While GSA admitted that it made errors in the procurement process, and generally agreed with the IG report’s recommendations, agency management contested the IG’s conclusion that the Chinese-camera purchases violated federal law. The IG disagreed, however, arguing that the purchase did not qualify for a TAA exemption.

  • Mr. Erickson continued: “The Trade Agreements Act (TAA) requires federal agencies to buy only goods that are made in America or a TAA designated country with limited exceptions. China is not on that list.”

Member Highlights:

Subcommittee on Cybersecurity, Information Technology, and Government Innovation Chairwoman Rep. Nancy Mace (R-S.C.) pointed out that GSA did not dispute that it had violated the TAA law when initially provided an opportunity to publicly respond in writing to the IG’s findings.

Rep. Mace: “Your office issued an audit saying GSA broke the law when it bought these cameras made in China. If GSA feels an IG report falsely accuses them of breaking the law, shouldn’t GSA say so in their formal response to the report?”

Mr. Erickson: “That is exactly right, they had many opportunities to read the report. They have a discussion draft which they get, and we discuss it with them, and have meetings with them, they have a draft report, and then a final report. And they simply didn’t say anything in their written response to our audit report.”
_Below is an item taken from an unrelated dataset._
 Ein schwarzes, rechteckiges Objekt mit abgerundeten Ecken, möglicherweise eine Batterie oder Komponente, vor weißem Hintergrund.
Rep. Mace: “Why would that be?”

Mr. Erickson: “I don’t know ma’am. You’d have to ask GSA.”  

Subcommittee Chairwoman Mace also drilled down on one of the excuses GSA used for procuring the Chinese -made cameras, which was the exorbitant levels of telework still in use by the agency.
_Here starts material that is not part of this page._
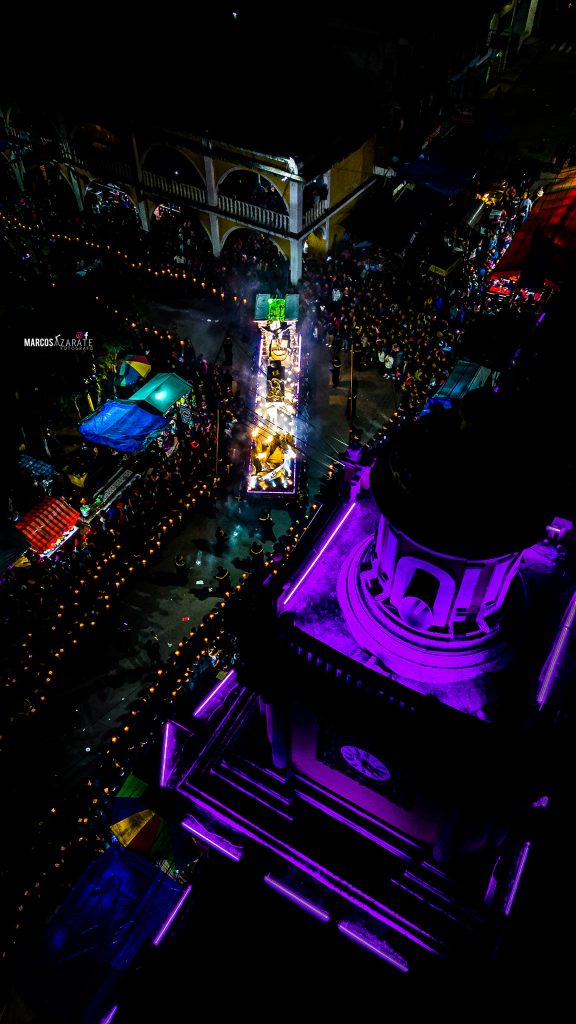 Una devoción vista desde el cielo: una ofrenda de corazones hermanos atraviesa el pueblo. El Santo Entierro regresa al templo parroquial de Momostenango. Ahora a esperar la Resurrección del Señor – SoyMigrante.com REVISTA Desfile festivo nocturno con iluminación vibrante en la calle principal, lleno de audiencia y alegría, celebración cultural, tradición, comunidad y música en un evento destacado. – SoyMigrante.com REVISTA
Rep. Mace: “It’s the end of pandemic, people are coming back to work, I would think you would need fewer cameras than more, why the 360 [degree Chinese cameras]?”

Mr. Shive: “…for people who are off site, it allows for-”

Rep. Mace: “How many people are off site at your agency?”

Mr. Shive: “I don’t have that number but I’m happy to get that for you.”

Rep. Mace: “You don’t know how many people work from home?”

Mr. Shive: “Um I know percentages.”

Rep. Mace: “Ok, what’s the percentage of people working from home at your agency?”

Mr. Shive: “It’s different every day, I don’t have an exact number.”

Rep. Mace: “On average?”

Mr. Shive: “Um, on average 30-40% of people are on site every day.”

Rep. Mace: “Ok so based on data we’ve seen, your agency seems to be an outlier even for federal agencies in terms of employees that are working from home.”